Prompt: In your answer, give each entry again exactly as it appears.

Material for this task:
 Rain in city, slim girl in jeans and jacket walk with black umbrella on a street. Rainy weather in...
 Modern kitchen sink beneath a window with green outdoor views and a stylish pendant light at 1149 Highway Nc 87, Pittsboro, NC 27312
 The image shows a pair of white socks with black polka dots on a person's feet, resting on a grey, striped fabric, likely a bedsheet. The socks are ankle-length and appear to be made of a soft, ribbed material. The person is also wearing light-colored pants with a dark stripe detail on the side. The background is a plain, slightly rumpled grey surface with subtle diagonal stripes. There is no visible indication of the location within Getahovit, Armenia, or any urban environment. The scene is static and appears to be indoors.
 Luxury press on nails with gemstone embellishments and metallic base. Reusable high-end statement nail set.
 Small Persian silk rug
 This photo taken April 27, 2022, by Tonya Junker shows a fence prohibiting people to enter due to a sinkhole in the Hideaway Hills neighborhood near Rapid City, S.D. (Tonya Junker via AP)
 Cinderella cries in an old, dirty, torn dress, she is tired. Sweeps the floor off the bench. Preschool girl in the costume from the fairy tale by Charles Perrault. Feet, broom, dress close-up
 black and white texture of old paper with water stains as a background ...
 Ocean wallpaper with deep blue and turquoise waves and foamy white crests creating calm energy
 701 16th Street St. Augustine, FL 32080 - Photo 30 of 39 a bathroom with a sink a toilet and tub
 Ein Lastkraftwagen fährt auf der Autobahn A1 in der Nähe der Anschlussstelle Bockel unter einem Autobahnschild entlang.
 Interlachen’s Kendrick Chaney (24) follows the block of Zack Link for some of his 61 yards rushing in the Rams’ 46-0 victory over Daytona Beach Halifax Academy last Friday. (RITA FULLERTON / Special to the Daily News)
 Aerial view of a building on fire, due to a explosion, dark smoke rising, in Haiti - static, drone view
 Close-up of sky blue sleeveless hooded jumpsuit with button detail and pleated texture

Expected answer:
 Rain in city, slim girl in jeans and jacket walk with black umbrella on a street. Rainy weather in...
 Modern kitchen sink beneath a window with green outdoor views and a stylish pendant light at 1149 Highway Nc 87, Pittsboro, NC 27312
 The image shows a pair of white socks with black polka dots on a person's feet, resting on a grey, striped fabric, likely a bedsheet. The socks are ankle-length and appear to be made of a soft, ribbed material. The person is also wearing light-colored pants with a dark stripe detail on the side. The background is a plain, slightly rumpled grey surface with subtle diagonal stripes. There is no visible indication of the location within Getahovit, Armenia, or any urban environment. The scene is static and appears to be indoors.
 Luxury press on nails with gemstone embellishments and metallic base. Reusable high-end statement nail set.
 Small Persian silk rug
 This photo taken April 27, 2022, by Tonya Junker shows a fence prohibiting people to enter due to a sinkhole in the Hideaway Hills neighborhood near Rapid City, S.D. (Tonya Junker via AP)
 Cinderella cries in an old, dirty, torn dress, she is tired. Sweeps the floor off the bench. Preschool girl in the costume from the fairy tale by Charles Perrault. Feet, broom, dress close-up
 black and white texture of old paper with water stains as a background ...
 Ocean wallpaper with deep blue and turquoise waves and foamy white crests creating calm energy
 701 16th Street St. Augustine, FL 32080 - Photo 30 of 39 a bathroom with a sink a toilet and tub
 Ein Lastkraftwagen fährt auf der Autobahn A1 in der Nähe der Anschlussstelle Bockel unter einem Autobahnschild entlang.
 Interlachen’s Kendrick Chaney (24) follows the block of Zack Link for some of his 61 yards rushing in the Rams’ 46-0 victory over Daytona Beach Halifax Academy last Friday. (RITA FULLERTON / Special to the Daily News)
 Aerial view of a building on fire, due to a explosion, dark smoke rising, in Haiti - static, drone view
 Close-up of sky blue sleeveless hooded jumpsuit with button detail and pleated texture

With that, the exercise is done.